Everybody will readily recognise that the matters are far from straightforward, however. The EU and the TRNC are both "irregulars" on the international plane; both are in search of their own identity and profile, although admittedly, not in the same way. The fact that both entities are relatively new on the international scene does not make things simpler. Their sometimes uneasy existence in the twilight of international law or, if one prefers, the dawn of a new area, makes the future difficult to predict. What is worse, is that most people seem to be little informed about the issues involved. Among policy makers, some seem to lack interest, while others seem too biased or too frustrated even to want to think up creative solutions. The general public in Europe seems to care little about EU Mediterranean policy; European political parties that consider the matter more seriously do not exist. And yet the current situation is unacceptable.


5 On the Greek stance see further Nugent, Neill, "EU Enlargement and the Cyprus Problem", 38 Journal of Common Market Studies (2000), 131-50, at 144.

6 On this matter see Prodromou, Elizabeth, "Reintegrating Cyprus: The Need for a New Approach", 40 Survival (1998), No. 3, 5-24, at 5. See also Kramer, Heinz, "The Cyprus Problem and European Security", 39 Survival (1997), 16-32.

7 See, e.g., Kasoulides, Ioannis, Cyprus and its Accession to the European Union.

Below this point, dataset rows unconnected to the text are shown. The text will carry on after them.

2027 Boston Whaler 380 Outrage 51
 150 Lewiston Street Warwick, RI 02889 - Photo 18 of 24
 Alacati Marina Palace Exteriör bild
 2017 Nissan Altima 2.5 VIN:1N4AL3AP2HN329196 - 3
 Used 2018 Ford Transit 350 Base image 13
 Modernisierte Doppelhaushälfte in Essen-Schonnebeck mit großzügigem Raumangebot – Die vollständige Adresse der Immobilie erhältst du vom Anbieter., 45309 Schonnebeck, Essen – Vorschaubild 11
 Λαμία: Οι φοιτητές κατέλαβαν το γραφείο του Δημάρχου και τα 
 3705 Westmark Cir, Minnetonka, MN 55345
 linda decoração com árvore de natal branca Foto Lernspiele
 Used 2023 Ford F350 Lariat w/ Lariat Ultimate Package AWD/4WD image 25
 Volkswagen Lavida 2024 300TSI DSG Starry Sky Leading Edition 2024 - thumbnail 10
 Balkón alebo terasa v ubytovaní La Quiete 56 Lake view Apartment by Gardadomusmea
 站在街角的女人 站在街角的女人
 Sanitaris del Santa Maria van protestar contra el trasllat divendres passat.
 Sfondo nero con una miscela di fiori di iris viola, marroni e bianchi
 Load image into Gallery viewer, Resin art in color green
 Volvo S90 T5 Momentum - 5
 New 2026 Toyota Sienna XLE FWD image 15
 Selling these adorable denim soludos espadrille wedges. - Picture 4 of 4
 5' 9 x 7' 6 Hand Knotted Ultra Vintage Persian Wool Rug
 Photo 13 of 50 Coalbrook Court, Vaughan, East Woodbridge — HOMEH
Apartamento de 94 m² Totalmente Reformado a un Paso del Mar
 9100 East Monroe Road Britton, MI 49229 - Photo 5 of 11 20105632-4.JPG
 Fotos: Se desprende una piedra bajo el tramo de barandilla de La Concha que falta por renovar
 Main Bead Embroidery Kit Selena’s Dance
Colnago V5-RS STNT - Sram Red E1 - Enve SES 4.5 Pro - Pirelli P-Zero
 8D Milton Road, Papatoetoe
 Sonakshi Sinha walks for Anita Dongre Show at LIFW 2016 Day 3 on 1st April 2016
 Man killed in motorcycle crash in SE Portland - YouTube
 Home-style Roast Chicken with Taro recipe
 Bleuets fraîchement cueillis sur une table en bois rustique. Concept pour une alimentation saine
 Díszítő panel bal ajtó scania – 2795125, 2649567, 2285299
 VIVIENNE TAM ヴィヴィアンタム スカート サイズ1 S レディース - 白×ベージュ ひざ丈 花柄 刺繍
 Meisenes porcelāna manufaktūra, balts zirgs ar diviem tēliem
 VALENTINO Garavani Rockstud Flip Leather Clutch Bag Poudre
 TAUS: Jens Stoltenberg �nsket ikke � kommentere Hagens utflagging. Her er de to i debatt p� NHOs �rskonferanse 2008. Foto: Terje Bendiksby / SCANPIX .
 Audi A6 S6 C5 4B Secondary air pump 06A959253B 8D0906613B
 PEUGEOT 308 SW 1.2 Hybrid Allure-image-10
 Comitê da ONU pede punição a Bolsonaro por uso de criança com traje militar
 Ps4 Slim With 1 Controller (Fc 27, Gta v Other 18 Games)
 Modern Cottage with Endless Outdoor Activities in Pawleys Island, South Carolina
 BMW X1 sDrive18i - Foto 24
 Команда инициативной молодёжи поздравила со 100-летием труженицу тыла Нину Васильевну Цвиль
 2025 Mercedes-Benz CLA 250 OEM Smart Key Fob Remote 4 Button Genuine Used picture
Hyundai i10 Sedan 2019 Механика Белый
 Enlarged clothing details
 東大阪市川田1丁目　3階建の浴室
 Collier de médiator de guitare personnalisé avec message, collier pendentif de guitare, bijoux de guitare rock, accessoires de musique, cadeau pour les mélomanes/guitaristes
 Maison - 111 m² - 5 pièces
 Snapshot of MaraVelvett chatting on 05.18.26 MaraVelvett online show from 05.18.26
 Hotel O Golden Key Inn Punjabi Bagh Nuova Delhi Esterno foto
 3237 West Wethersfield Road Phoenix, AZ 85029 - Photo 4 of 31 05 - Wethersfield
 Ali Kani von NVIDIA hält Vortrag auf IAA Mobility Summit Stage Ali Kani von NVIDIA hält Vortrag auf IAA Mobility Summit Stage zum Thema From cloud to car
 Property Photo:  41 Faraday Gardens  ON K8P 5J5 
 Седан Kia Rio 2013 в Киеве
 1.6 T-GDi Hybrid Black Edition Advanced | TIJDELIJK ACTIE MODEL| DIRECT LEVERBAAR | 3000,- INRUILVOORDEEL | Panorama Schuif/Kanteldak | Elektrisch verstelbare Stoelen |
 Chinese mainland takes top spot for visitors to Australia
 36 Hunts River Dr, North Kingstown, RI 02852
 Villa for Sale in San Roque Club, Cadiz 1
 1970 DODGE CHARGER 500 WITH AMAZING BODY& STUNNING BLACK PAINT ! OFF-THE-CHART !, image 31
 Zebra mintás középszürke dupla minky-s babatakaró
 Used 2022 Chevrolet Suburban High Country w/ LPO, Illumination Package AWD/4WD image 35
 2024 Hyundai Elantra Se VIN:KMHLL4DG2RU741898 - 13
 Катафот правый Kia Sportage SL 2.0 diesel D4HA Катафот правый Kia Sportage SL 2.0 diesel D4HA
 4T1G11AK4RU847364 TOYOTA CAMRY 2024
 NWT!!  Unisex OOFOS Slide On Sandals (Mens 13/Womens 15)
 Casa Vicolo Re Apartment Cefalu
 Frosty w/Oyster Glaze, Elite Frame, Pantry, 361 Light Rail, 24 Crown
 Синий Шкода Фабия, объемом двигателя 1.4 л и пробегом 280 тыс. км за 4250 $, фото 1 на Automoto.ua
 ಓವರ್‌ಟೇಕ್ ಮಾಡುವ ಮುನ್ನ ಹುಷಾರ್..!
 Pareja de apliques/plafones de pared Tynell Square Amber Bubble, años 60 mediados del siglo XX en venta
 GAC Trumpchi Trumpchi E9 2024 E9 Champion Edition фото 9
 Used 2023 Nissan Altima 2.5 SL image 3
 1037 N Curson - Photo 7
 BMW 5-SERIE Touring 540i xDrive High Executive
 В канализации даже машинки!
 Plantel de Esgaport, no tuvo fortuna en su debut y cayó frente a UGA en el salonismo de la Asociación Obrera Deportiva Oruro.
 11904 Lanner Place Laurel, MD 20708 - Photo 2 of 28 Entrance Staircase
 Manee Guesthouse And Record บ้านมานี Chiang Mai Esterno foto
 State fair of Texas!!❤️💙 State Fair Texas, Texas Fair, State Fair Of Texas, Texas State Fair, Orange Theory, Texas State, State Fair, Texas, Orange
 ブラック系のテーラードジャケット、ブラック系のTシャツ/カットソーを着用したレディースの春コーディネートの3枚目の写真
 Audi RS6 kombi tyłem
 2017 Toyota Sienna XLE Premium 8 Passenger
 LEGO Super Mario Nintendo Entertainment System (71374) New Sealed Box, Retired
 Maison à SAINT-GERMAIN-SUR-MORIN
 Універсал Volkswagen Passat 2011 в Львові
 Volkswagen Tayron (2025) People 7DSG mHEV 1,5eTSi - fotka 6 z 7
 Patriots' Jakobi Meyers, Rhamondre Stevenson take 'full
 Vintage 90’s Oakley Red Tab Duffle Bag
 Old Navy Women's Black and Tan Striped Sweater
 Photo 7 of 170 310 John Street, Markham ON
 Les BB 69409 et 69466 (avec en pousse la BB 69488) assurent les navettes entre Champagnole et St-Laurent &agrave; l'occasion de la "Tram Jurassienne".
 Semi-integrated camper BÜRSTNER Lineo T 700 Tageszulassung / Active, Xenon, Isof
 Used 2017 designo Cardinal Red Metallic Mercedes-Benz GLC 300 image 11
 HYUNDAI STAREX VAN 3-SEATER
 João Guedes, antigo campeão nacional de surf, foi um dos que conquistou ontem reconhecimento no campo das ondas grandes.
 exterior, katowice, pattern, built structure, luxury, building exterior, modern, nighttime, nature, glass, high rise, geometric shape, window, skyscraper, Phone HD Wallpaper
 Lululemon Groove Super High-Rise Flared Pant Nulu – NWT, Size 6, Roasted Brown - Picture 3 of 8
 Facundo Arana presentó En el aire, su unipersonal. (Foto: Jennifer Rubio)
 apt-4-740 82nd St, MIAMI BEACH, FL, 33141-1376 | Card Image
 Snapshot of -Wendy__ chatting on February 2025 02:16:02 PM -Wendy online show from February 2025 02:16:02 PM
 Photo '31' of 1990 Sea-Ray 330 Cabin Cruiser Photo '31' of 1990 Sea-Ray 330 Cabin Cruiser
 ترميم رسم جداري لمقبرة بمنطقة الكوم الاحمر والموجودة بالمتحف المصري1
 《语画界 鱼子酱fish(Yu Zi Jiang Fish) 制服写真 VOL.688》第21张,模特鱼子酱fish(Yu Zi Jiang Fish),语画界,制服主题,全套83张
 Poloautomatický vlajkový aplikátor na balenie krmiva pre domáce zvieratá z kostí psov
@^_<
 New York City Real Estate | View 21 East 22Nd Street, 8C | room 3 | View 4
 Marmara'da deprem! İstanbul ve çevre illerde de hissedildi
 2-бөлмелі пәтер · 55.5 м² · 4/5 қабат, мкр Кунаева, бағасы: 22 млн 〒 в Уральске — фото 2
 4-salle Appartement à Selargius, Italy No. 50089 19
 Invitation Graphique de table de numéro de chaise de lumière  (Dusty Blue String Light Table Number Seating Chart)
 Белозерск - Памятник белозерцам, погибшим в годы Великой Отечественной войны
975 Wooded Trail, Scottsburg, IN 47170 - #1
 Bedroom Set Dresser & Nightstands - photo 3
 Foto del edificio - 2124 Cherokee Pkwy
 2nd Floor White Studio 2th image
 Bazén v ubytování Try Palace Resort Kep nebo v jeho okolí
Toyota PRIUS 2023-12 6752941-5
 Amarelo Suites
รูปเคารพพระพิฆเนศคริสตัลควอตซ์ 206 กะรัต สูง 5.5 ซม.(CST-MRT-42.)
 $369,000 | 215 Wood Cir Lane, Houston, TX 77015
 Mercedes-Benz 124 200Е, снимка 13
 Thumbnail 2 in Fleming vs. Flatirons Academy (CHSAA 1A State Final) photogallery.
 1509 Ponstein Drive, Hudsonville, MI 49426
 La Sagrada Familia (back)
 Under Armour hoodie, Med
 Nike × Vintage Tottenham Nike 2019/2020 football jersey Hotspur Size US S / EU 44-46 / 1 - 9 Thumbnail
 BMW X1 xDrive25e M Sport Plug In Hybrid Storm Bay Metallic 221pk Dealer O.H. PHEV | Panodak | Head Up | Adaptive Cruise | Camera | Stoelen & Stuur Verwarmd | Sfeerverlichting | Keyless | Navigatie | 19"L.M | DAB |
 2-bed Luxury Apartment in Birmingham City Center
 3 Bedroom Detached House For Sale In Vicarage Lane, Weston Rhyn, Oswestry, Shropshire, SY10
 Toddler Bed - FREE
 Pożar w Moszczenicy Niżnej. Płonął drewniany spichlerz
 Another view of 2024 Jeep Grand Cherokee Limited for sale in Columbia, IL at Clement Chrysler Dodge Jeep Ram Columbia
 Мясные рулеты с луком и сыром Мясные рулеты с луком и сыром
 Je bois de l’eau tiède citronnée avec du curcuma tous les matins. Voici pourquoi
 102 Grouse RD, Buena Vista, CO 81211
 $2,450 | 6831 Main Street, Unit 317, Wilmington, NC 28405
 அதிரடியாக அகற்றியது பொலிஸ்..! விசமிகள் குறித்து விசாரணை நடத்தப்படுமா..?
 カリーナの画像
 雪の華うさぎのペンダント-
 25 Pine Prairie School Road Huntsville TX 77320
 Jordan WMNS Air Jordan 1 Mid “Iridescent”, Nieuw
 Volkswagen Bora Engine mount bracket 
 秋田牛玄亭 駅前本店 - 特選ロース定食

Zentrum für Europäische Integrationsforschung. Discussion Paper C47, 1999, and Nugent, supra, note 5.

8 Ehrlich, Thomas, International Crisis and the Role of Law. Cyprus 1958-1967, OUP, Oxford 1974, at p. 34 judged the constitution as follows: "Despite substantial weaknesses, the settlement did represent an imaginative resolution of many difficult problems. Given patience and spirit if compromise on each side, it might have worked. It is not a model of draftsmanship; but, viewing the circumstances, no more could have been expected. There was general agreement, however, that substantial goodwill would be needed on the part of both communities to make the agreements work." On the abrogation of the Zurich and London Agreements, see e.g., Reddaway, John, Burdened with Cyprus - The British Connection. Rustem and Weidenfeld & Nicholson, London 1986.

9 See, e.g., Kramer, supra, note 6; Nugent, supra, note 5; Mavratsas, Caesar, "Greek-Cypriot Political Culture and the Prospect of European Union Membership: a Worst-Case Scenario", 10 The Cyprus Review (1998), 67-76; Brewin, Christopher, "Turkey, Greece and the European Union", in: Clement H. Dodd (ed.), Cyprus the Need for New Perspectives, Eothen Press, Huntingdon, 1999, 148-73.